#### RECORDS SHOWN

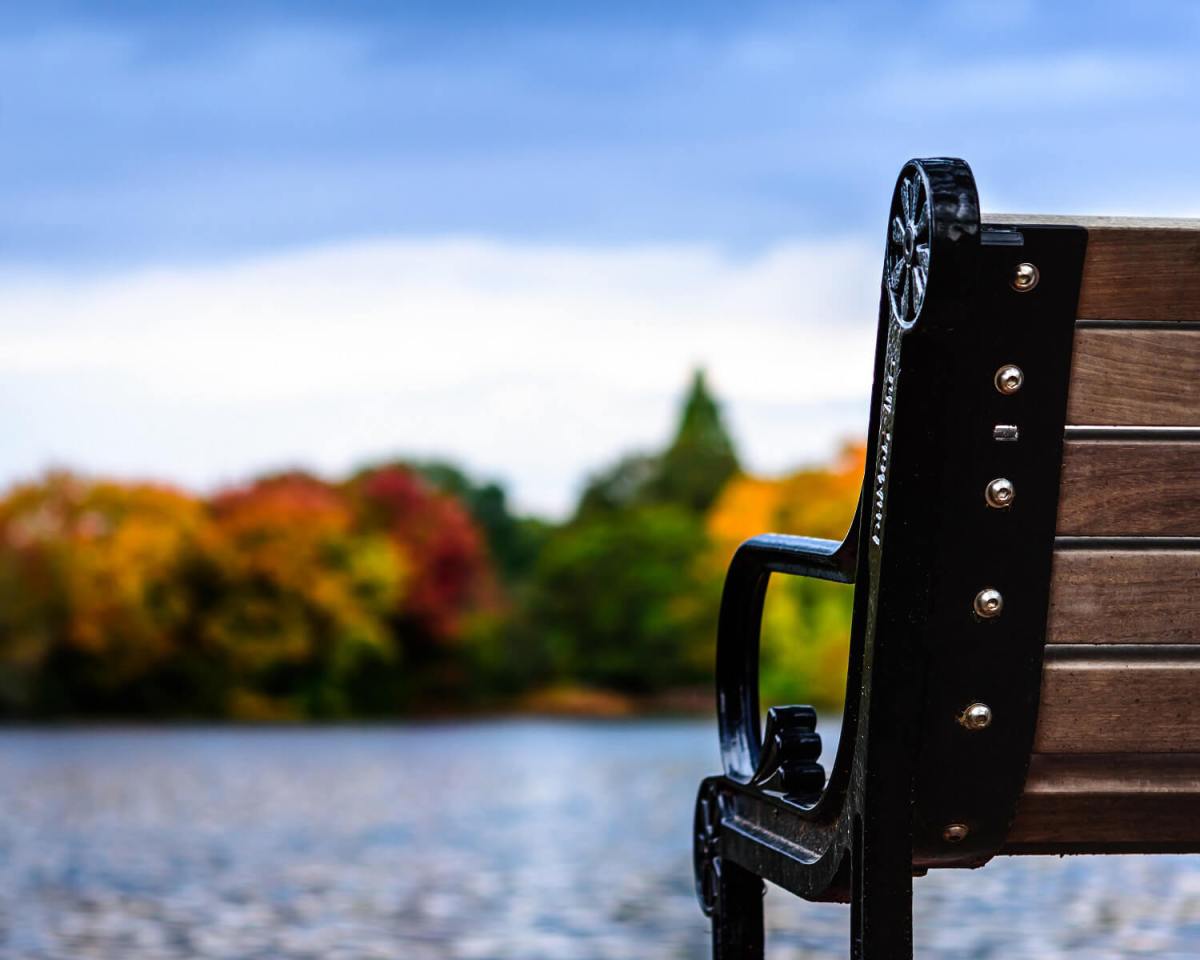 fall bench – credit Discover Long Island (1)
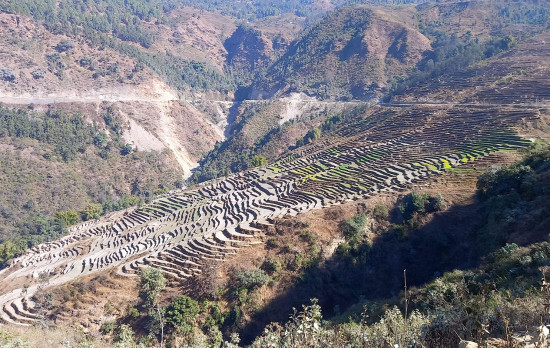 ४६ वर्षदेखि सीमा विवादित टार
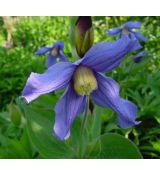 Clematis integrifolia - plamienok celistvolistý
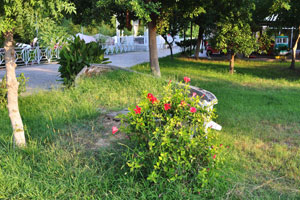 A low shrub with red flowers grows in Düden Park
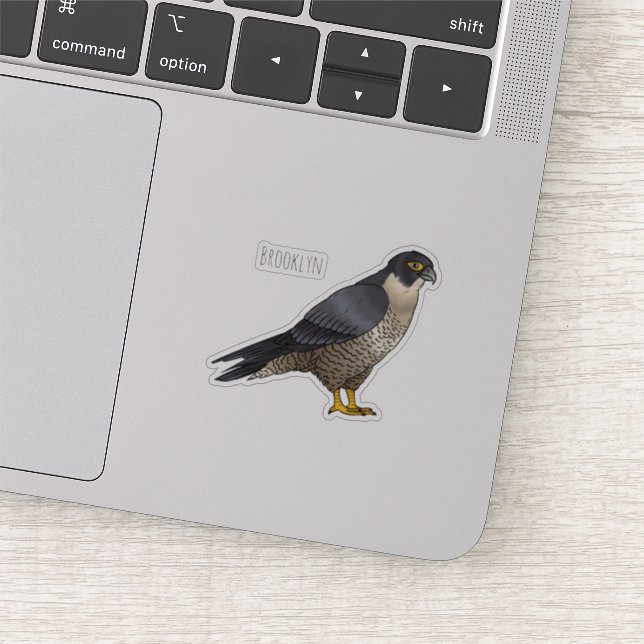 Sticker Illustration d'oiseau de faucon pèlerin (Détail)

#### WORK ITEM
Emit the lines of the data above from the one containing "A low shrub" through its final line, both endpoints included. Pictures do not belong in the output.

#### RESULT FOR THIS TASK
 A low shrub with red flowers grows in Düden Park
 Sticker Illustration d'oiseau de faucon pèlerin (Détail)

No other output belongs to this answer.